Over 77% of filers will pay more, according to the Tax Policy Center. The average increase is expected to be $1,257, but that figure belies the wide disparity in impact.
Those making less than $10,000 a year will pay $68 more in federal taxes, on average, while those making between $50,000 and $75,000 will see an $822 jump. Wealthy filers with incomes of $1 million or more will see a $170,341 spike, on average.
The ending of the payroll tax break will have the broadest reach, with most of the nation’s 160 million workers seeing smaller paychecks. Wage earners will have to pay the full 6.2% in payroll taxes, up from the 4.2% they’d been paying for the past two years. This means those earning $30,000 annually will get $50 a month less in their paychecks, while those making $113,700 (the maximum amount subject to payroll tax) will see $189.50 less each month.

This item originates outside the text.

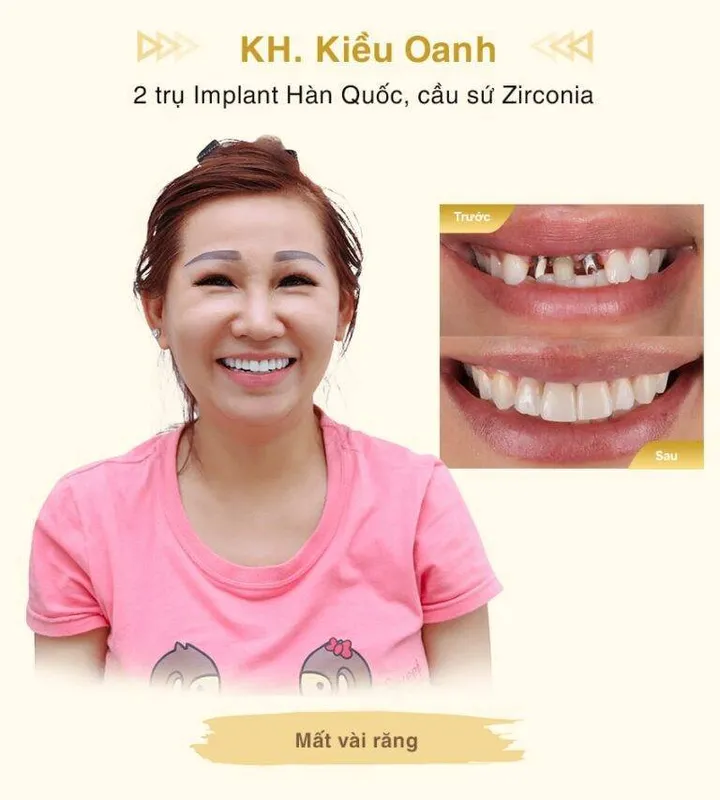 Sản phẩm Implant KH Kieu Oanh mobile min 768x853 1 — Công Ty TNHH MTV Khánh An - Nha Khoa Thanh Tâm — MST 0315420625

The rich will also get hit by the increase in the tax rate to 39.6% for couples with adjusted gross incomes above $450,000, or single filers above $400,000. Millionaires will pay $122,560 more a year just from this provision alone, according to the Tax Policy Center. And they’ll have to pay a 20% levy on capital gains and dividends, up from 15%.
Americans, mainly wealthy ones, will also pay more in tax because of a variety of other measures both in the fiscal cliff deal and in President Obama’s health care reform law. Joint filers making more than $300,000, or single taxpayers earning more than $250,000, will see their personal exemption and itemized deductions limited. And well-off taxpayers will pay 0.9% more on their family income above $250,000 for couples, or $200,000 for singles. And some will pay 3.8% on certain levels of investment income.
Who escapes the fiscal cliff tax hike? They are likely retirees, the unemployed, the disabled and the rich who don’t work, said Roberton Williams, a senior fellow at the Tax Policy Center.